What this task involves :: Find the lines of the data below that include "thumbnail". Report their number only.

· · · · ·

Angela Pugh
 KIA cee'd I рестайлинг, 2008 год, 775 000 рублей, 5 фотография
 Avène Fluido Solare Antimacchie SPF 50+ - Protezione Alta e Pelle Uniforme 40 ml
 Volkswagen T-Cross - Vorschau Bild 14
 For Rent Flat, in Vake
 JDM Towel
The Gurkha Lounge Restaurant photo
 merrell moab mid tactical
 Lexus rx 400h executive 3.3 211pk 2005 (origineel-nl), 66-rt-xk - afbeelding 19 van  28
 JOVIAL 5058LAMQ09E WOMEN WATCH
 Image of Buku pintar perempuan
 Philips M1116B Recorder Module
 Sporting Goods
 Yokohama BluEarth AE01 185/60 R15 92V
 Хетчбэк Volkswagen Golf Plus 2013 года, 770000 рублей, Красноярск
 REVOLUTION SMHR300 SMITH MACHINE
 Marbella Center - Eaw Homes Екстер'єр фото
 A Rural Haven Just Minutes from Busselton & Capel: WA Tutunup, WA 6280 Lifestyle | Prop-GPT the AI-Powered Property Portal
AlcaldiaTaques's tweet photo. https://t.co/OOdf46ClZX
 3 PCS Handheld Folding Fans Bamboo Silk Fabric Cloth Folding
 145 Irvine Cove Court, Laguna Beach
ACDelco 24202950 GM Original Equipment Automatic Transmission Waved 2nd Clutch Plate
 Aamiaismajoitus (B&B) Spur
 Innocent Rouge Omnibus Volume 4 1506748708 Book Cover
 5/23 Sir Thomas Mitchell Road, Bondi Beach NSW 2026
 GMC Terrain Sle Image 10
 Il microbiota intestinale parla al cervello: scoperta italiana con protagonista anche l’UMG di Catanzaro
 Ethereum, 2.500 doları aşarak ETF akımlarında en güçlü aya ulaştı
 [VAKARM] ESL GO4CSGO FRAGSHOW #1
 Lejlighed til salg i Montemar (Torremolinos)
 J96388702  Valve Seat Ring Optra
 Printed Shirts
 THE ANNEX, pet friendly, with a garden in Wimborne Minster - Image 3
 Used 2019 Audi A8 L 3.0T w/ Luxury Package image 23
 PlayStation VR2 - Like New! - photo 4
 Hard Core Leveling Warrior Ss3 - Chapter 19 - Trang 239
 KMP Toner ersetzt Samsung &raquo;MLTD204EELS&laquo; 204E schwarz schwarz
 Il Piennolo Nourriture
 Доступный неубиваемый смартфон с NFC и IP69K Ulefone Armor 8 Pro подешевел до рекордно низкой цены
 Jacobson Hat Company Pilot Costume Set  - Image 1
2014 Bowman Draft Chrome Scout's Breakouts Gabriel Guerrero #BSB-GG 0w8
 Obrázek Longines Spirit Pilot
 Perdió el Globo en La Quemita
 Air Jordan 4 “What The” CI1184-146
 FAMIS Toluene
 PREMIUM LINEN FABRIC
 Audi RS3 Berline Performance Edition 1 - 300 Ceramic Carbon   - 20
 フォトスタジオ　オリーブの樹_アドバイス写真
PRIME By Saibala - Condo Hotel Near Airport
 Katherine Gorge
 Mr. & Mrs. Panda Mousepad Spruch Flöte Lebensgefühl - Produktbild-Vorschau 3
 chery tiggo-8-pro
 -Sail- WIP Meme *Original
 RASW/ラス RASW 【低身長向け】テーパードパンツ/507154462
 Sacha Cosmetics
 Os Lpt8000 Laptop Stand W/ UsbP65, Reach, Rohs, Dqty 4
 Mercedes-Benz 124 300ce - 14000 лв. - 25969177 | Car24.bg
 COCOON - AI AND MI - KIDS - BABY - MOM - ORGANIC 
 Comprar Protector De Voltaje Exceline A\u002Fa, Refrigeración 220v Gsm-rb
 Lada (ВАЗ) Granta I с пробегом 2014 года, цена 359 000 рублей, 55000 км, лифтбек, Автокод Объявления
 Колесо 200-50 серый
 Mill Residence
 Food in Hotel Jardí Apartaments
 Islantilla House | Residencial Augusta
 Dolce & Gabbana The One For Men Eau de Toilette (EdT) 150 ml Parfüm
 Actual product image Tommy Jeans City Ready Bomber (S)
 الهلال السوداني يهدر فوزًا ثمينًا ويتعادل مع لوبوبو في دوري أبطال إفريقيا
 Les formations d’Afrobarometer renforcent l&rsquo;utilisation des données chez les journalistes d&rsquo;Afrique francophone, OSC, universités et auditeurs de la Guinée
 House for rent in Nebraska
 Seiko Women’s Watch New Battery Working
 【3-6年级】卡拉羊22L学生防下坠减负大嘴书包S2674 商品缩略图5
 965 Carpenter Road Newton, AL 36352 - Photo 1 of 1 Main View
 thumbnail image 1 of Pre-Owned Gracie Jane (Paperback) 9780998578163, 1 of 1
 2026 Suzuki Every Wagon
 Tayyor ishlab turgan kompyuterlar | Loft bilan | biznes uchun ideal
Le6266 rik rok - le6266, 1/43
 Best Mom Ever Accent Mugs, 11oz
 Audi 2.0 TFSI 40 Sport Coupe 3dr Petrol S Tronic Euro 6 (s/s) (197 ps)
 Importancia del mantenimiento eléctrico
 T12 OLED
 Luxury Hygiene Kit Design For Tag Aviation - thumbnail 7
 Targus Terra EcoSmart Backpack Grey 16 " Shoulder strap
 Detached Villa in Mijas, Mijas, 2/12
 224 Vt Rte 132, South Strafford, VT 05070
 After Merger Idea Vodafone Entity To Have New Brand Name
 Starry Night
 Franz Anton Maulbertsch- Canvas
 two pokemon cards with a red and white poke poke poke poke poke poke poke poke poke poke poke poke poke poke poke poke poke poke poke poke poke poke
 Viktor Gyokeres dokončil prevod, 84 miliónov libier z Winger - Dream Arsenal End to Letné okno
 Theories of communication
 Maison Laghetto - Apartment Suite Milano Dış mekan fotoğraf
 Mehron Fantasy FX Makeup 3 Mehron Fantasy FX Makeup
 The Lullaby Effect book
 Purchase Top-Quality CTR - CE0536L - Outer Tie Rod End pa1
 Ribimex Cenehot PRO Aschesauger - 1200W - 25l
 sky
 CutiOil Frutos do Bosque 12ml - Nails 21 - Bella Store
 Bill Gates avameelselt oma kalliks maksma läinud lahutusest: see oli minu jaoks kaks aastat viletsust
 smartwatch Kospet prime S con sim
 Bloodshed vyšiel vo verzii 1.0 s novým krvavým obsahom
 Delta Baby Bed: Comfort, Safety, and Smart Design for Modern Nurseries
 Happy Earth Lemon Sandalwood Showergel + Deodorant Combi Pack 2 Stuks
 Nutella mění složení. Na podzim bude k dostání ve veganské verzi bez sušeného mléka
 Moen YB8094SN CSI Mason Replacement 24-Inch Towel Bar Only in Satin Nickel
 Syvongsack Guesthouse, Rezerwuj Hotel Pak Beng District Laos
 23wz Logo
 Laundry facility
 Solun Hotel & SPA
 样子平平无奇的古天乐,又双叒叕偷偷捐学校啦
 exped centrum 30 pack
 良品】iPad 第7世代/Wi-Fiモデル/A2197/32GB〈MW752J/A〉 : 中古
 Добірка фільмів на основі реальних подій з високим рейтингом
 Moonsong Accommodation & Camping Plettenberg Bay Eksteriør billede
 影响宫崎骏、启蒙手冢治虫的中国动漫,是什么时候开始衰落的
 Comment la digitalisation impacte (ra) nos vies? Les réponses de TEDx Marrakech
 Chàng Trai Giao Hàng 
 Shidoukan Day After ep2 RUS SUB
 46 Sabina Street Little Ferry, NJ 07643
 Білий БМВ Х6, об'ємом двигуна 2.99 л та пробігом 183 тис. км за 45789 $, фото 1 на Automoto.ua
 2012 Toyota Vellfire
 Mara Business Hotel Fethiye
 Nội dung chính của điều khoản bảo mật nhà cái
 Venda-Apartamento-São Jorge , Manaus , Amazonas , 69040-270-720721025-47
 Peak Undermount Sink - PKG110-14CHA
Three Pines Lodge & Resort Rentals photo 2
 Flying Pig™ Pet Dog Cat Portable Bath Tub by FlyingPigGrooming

· · · · ·

Result of the exercise :: 2